Weekly SkyWatcher’s Forecast: October 15-21, 2012

Cassiopeia A in Visible Light Courtesy of the Hubble Space Telescope

Greetings, fellow SkyWatchers! Whoops! (she blushes) I got so lost this weekend in researching Comet ISON that I almost forgot to post the forecast! Ah, well… As they say, better late than never, eh? If you do nothing else this week, be sure to catch the close apparition of Mercury and the “Earthshine Moon” on Wednesday and stay up late Saturday night to watch the Orionid Meteor Shower! In case I forget, just meet me in the back yard…

Monday, October 15 –Today in 1963 marks the first detection of an interstellar molecule. This discovery was made by Sander Weinreb (with Barrett, Meeks, and Henry) on the MIT Millstone Hill 84-foot dish. The discovery was made possible by new correlation receiver technology, and picked up a hydroxyl molecule in an absorption band. By using the radio galaxy Cas A as a background continuum source, the detection occurred at 1667.46 MHz and again at 1665.34 MHz. By the dawn of 2000, nearly 200 different interstellar molecules had been identified and many of these are classified as organic.

Tonight is New Moon! Let’s see what’s up there in the region of Cas A using visible light. The nearest bright star to Cas A is Beta Cassiopeiae – the bright star westward of the “W.” To locate the region of Cas A, go about three finger-widths due west of Beta and follow the subtle curve of three 5th magnitude stars. Cas A lies less than one degree south-southwest of the second star in the sequence of three. This star is a complex 5th magnitude multiple star system associated with variable star AR Cas.

Through binoculars, two stars of the AR system are easily resolved – the 4.9 magnitude primary is seen to be led across the sky by a 7.1 magnitude secondary (component C) which is a very tight double itself. Its 8.9 magnitude partner is resolvable in mid-sized scopes. Large aperture scopes may also be able to distinguish a 9.3 magnitude, second (B) component from the primary. Smaller scopes are back in the running again when attempting three 11th magnitude stars – none of which are close to the primary. Intermediate scopes can also hope to pick out a 12.9 magnitude H component northwest of C. 8.9 magnitude F also has a 9.1 magnitude near twin to the east-northeast. If you can see them all you should probably wrap an observatory building around your telescope – if one isn’t there already!

If you like to follow brightness changes in variables – AR Cas is not a good choice. This eclipsing type variable only fluctuates by a tenth of a magnitude over a period of 6 earth days.

Tuesday, October 16 – Let’s begin our evening by having a look at a radio source as we visit a pulsar located almost mid-way between Theta and Beta Capricorni – PSR2045+16.

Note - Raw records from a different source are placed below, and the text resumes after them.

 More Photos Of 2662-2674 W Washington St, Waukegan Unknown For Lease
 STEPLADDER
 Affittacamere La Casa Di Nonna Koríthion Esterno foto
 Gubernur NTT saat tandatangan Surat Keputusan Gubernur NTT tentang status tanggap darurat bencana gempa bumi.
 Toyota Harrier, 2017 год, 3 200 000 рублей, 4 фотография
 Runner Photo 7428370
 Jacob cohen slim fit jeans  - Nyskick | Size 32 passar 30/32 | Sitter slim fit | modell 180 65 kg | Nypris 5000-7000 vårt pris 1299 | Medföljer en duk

While pulsars aren’t truly visible objects, there is still something undeniably cool about locating the field in which a rotating neutron star is sending out staccato pulses of radio waves anywhere between .001 and 4 seconds apart. If you have bright star 19 in the binocular field, then you know you’re in the right area for many radio sources, including many nearby quasars… Just imagine the possibilities!

Now let’s drop south-southeast of Beta Capricorni to have a look at a pair of doubles – Rho and Pi.

Northernmost Pi is a multiple system slightly less than 100 light-years away, with each discernable member also being a spectroscopic double. Separated by about an eighth of a light-year, look for a 5th magnitude yellow/white giant with a very close 9th magnitude companion. Further south is Pi, a triple star system which has a traditional name – Okul. Located around 670 light-years away, look for a bright blue/white 5th magnitude primary that is also a spectroscopic double – and its much easier C component, which is around magnitude 8.

Wednesday, October 17 – For naked-eye observers, enjoy the beautiful “Earthshine” Moon and the close apparition of Mercury!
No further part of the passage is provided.